Participating systems will be asked to perform a binary classification task in which they indicate whether the target word is used in the same meaning (tagged as T for true) or in a different meaning (F for false) in the same language (multilingual dataset) or across different languages (cross-lingual dataset). Below you can find two examples of sentence pairs, the first one from the multilingual part and the second one from the cross-lingual part:

la souris mange le fromage -- le chat court après la souris
click the right mouse button -- le chat court après la souris

In the first sentence pair, the target word souris will be tagged with T (True) since it is used in the same meaning in both sentences. Instead, in the second sentence pair, the target word mouse and its corresponding translation into French are used in two distinct meanings, therefore, in this case, the expected output will be F (False).

Languages

The following languages will be considered:

Arabic
Chinese
English
French
Russian

Annotation

The manual annotation was performed according to the following criteria. Given a target word w occurring in two sentences in the same language (multilingual task) or a target word w in the first sentence in one language and the corresponding target word w' in the second sentence in a second language, we used the tag:

T if the two words are used in the same exact meaning.
F if the two words are used in two different meanings (such as race in the meaning of competition vs. that of breed).

Important dates

Trial data: July 31, 2020
Training data ready: October 26, 2020
Test data ready: December 3, 2020
Evaluation starts: January 10, 2021
Evaluation ends: January 31, 2021
Paper submission due: February 23, 2021
Notification to authors: March 29, 2021
Camera ready due: April 5, 2021
SemEval workshop: Summer 2021

Key links

Github data repository: mcl-wic
Discussion forum: https://competitions.codalab.org/forums/23750/
Link to the paper: https://raw.githubusercontent.com/SapienzaNLP/mcl-wic/master/SemEval_2021_Task_2__Multilingual_and_Cross_lingual_Word_in_Context_Disambiguation__MCL_WiC___Paper_.pdf

Acknowledgments

The organizers gratefully acknowledge the support of the ELEXIS EU project No. 731015 and the MOUSSE ERC Consolidator Grant No. 726487 under the European Union’s Horizon 2020 research and innovation programme.

References

Pilehvar, Mohammad Taher, and Jose Camacho-Collados. WiC: the word-in-context dataset for evaluating context-sensitive meaning representations. Proceedings of NAACL-HLT 2019, pages 1267-1273.

Evaluation Criteria

Systems will be asked to perform a binary classification on each sentence pair in the dataset, for which they will have to output T or F depending on whether a given target word occurring in two sentences is used with the same meaning or with a different meaning respectively. The goal is to determine to what degree systems can discriminate meanings within and across languages without necessarily relying on an explicit sense inventory.
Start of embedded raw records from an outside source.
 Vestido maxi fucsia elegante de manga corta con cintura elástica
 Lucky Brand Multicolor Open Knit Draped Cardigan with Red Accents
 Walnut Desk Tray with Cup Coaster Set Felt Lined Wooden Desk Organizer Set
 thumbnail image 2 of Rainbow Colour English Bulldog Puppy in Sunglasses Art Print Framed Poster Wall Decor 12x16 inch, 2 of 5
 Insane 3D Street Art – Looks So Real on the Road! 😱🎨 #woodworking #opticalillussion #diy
Results will be computed using the accuracy measure. A thorough analysis will be carried out for each language pair (cross-lingual dataset), for the different types of approach declared by participants (context-specific embeddings, WSD, etc.), the type and amount of training data used by the system, by domain and genre of the sentences (i.e. formal/parliamentary vs. encyclopedic), etc. Furthermore, we will distinguish between systems which exploit the training set provided for the given language(s) and those which do not exploit it, e.g., based on vector similarities or traditional WSD systems which output T/F based on sense assignment.

Submission instructions

Please follow these steps for the submission:

1. download the test data (.data) from our GitHub page https://github.com/SapienzaNLP/mcl-wic,
2. generate your answers,
3. name each file "test.{language}-{language}" (for example "test.ru-ru" if you wish to participate in the Russian multilingual sub-task),
4. create a submission.zip file containing all your datasets which you would like to submit (for example the submission.zip file could contain the files "test.ru-ru" and "test.en-ru", indicating that you will participate in the Russian multilingual sub-task and the English-Russian cross-lingual sub-task), and
5. submit!

Baselines

We will compare the performance of participating systems against a baseline neural classifier. Our baseline system will be input different types of embeddings:

sense embeddings, such as LMMS (Loureiro and Jorge, 2019) and SensEmBERT (Scarlini et al., 2020), which combine contextualized embeddings with the knowledge derived from resources such as WordNet and BabelNet;
context-specific word embeddings, such as Context2vec (Melamud et al., 2016), BERT (Devlin et al., 2019) etc.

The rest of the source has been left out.